### Exercise
Among the entries below, find the line with "Tiger's Eye and Matte Black Onyx" and the line with "Calfskin Since 1854". Return exactly those lines and every line between them, but no pictures.

### Information supplied
● ● ● ●

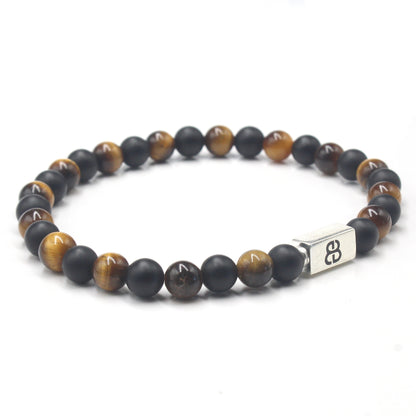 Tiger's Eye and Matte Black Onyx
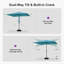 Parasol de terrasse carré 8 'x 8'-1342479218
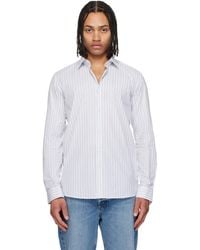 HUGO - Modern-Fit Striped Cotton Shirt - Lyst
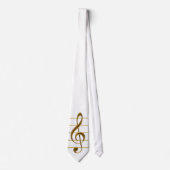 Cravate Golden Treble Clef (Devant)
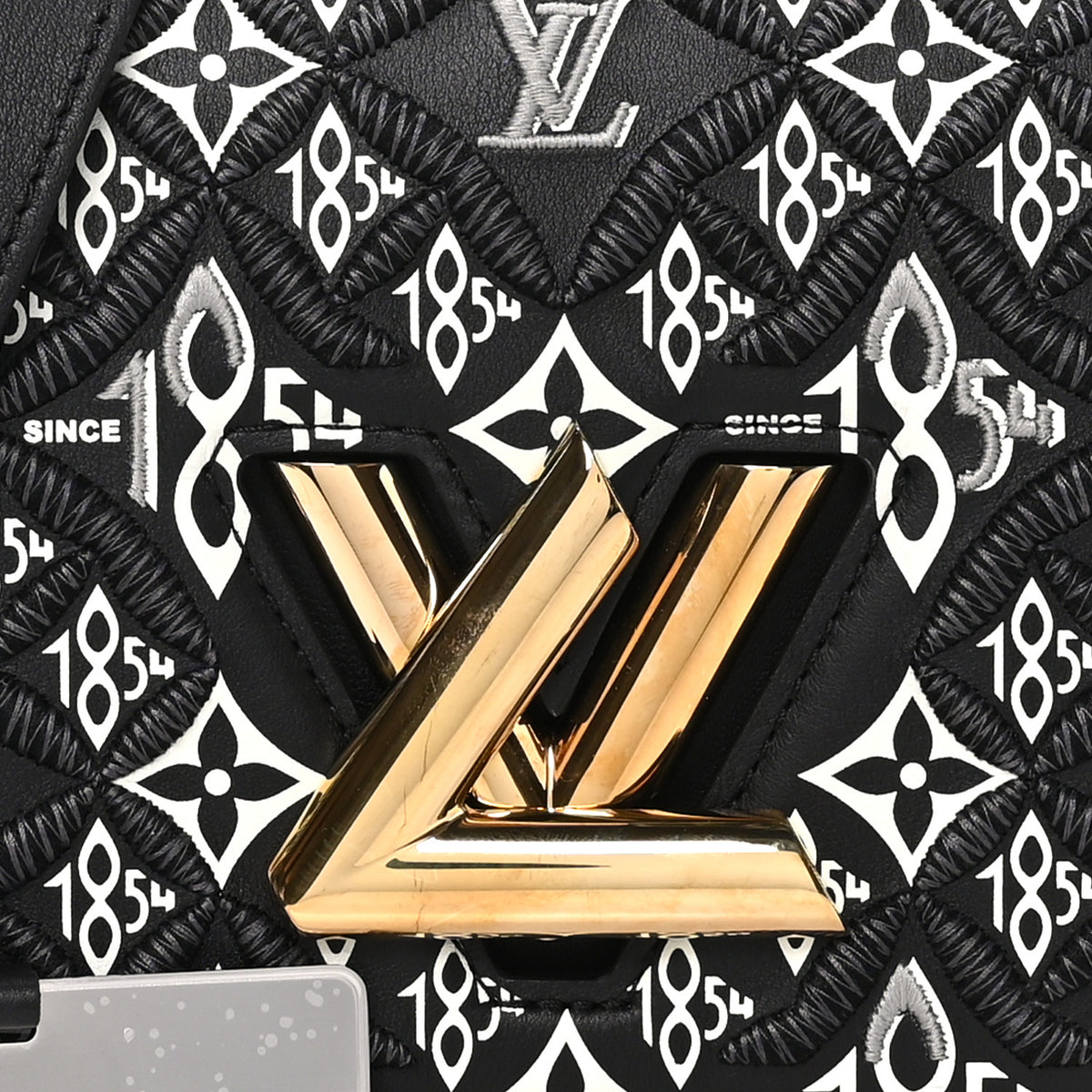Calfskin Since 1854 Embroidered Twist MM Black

● ● ● ●

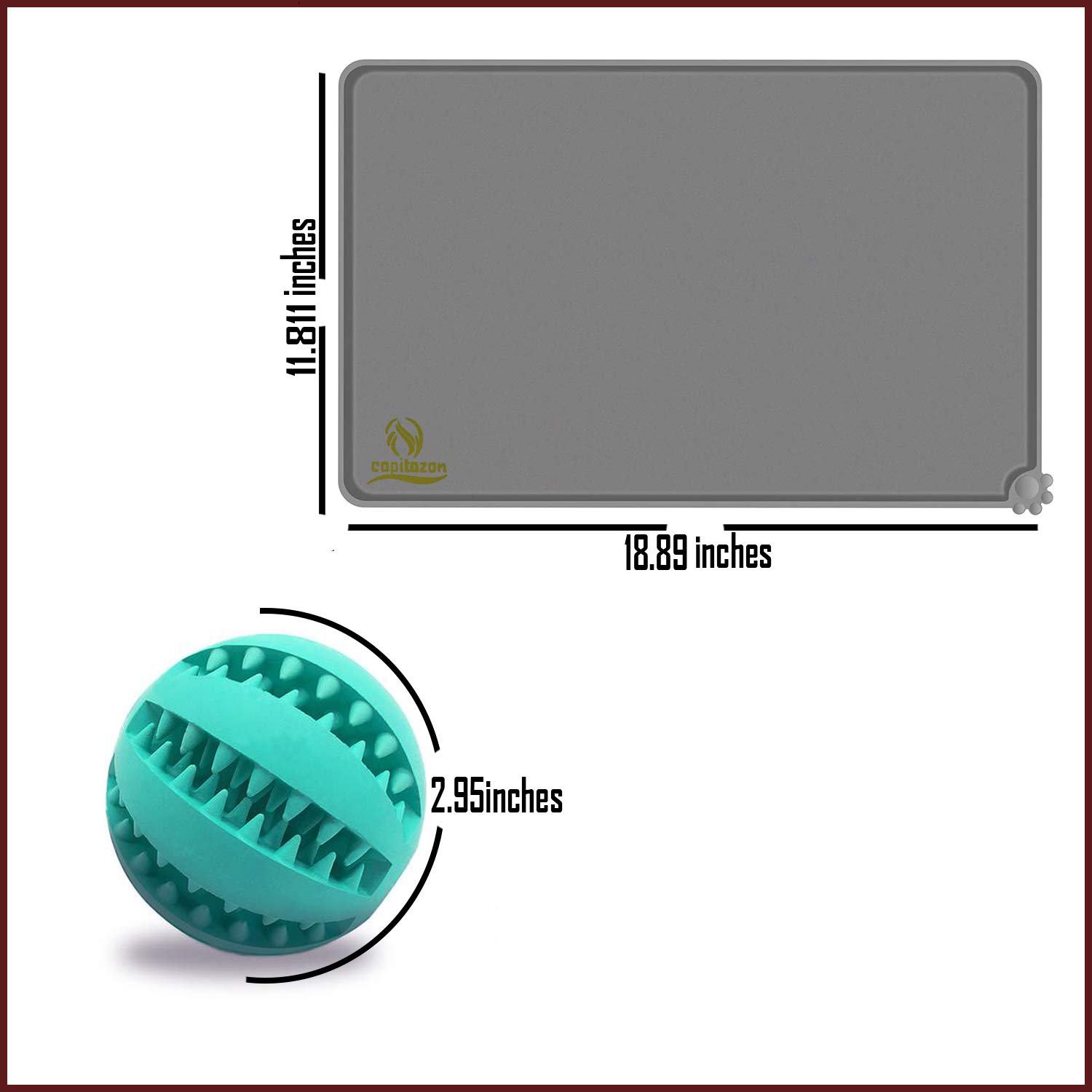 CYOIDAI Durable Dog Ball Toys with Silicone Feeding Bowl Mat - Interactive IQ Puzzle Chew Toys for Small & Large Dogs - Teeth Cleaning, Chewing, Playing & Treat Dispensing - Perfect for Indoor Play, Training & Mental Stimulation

● ● ● ●

### Exercise output
 Tiger's Eye and Matte Black Onyx
 Parasol de terrasse carré 8 'x 8'-1342479218
 HUGO - Modern-Fit Striped Cotton Shirt - Lyst
 Cravate Golden Treble Clef (Devant)
Calfskin Since 1854 Embroidered Twist MM Black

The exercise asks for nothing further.